Swaziland's cash-strapped government stopped paying for Robert Ngongoni Sukati's cancer treatments, so the retired police officer had to turn to a dubious "immune booster" sold by a street hawker.
Hospitals in the tiny impoverished kingdom do not provide chemotherapy or radiation therapy and Swaziland's government announced last month it had run out of money to send its cancer patients to neighboring South Africa.
Sukati, a 72-year-old diagnosed with leukemia in 2000, can't afford the 20,000 emalangeni (about $3,000) a month for chemotherapy in neighboring South Africa. Even the immune booster is straining his monthly pension income of 2,000 emalangeni (about $300).
"I might not say I'm bitter at government," Sukati said, his eyes fixed on the ground, his walking stick in one hand. "But what I know is that I have worked diligently for this country, royalty and government. I have sacrificed for my country."
Sub-Saharan Africa's last absolute monarchy faces an economic crisis because of the worldwide recession and a drop in customs revenues. Democracy activists also say the government is not accountable to the people and has stolen and mismanaged funds.
The head of the government's cancer treatment fund, Thabsile Dlamini, did not respond to repeated attempts to contact her for this article.

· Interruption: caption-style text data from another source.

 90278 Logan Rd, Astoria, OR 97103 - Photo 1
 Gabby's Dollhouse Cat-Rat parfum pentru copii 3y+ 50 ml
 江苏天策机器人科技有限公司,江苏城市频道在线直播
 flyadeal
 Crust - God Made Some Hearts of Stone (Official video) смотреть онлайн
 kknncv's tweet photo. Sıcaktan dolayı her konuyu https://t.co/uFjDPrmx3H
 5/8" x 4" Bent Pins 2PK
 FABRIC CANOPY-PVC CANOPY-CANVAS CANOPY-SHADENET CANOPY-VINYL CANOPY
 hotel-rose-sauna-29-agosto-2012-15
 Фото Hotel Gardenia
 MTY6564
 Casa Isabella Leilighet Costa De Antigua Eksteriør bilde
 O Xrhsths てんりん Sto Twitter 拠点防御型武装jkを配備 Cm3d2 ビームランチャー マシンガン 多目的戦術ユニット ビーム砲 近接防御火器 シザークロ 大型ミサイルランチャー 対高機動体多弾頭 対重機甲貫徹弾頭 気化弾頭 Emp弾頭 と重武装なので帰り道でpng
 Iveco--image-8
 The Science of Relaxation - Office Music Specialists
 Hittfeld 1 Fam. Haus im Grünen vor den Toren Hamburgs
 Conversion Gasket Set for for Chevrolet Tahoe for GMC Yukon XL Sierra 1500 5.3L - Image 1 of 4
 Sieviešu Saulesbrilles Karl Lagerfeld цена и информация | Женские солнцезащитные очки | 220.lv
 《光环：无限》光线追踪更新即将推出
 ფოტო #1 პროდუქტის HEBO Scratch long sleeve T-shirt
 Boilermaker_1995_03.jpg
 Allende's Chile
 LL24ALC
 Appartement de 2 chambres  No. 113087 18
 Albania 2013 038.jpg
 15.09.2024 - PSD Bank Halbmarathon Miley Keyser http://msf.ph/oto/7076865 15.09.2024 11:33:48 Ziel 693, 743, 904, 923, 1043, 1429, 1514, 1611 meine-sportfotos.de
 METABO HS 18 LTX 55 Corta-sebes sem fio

Sukati's last chemotherapy treatment was June 30. After that, he started buying bottles of Xysilver, a liquid a door-to-door peddler tells him will help fight off infection. He finishes a small bottle priced at 260 emalangeni ($40) in two days.
"This stuff is very expensive for me. I spent all my monthly pension ... buying this stuff," Sukati said.
Nomsa Msibi, president of the Cancer Association of Swaziland, said her organization discourages patients from using concoctions like Xysilver, but fears many patients will turn to it because of the budget crisis.
Msibi said that doctors in Swaziland can only take samples from patients _ even the specimens must go to South Africa to determine if there is cancer.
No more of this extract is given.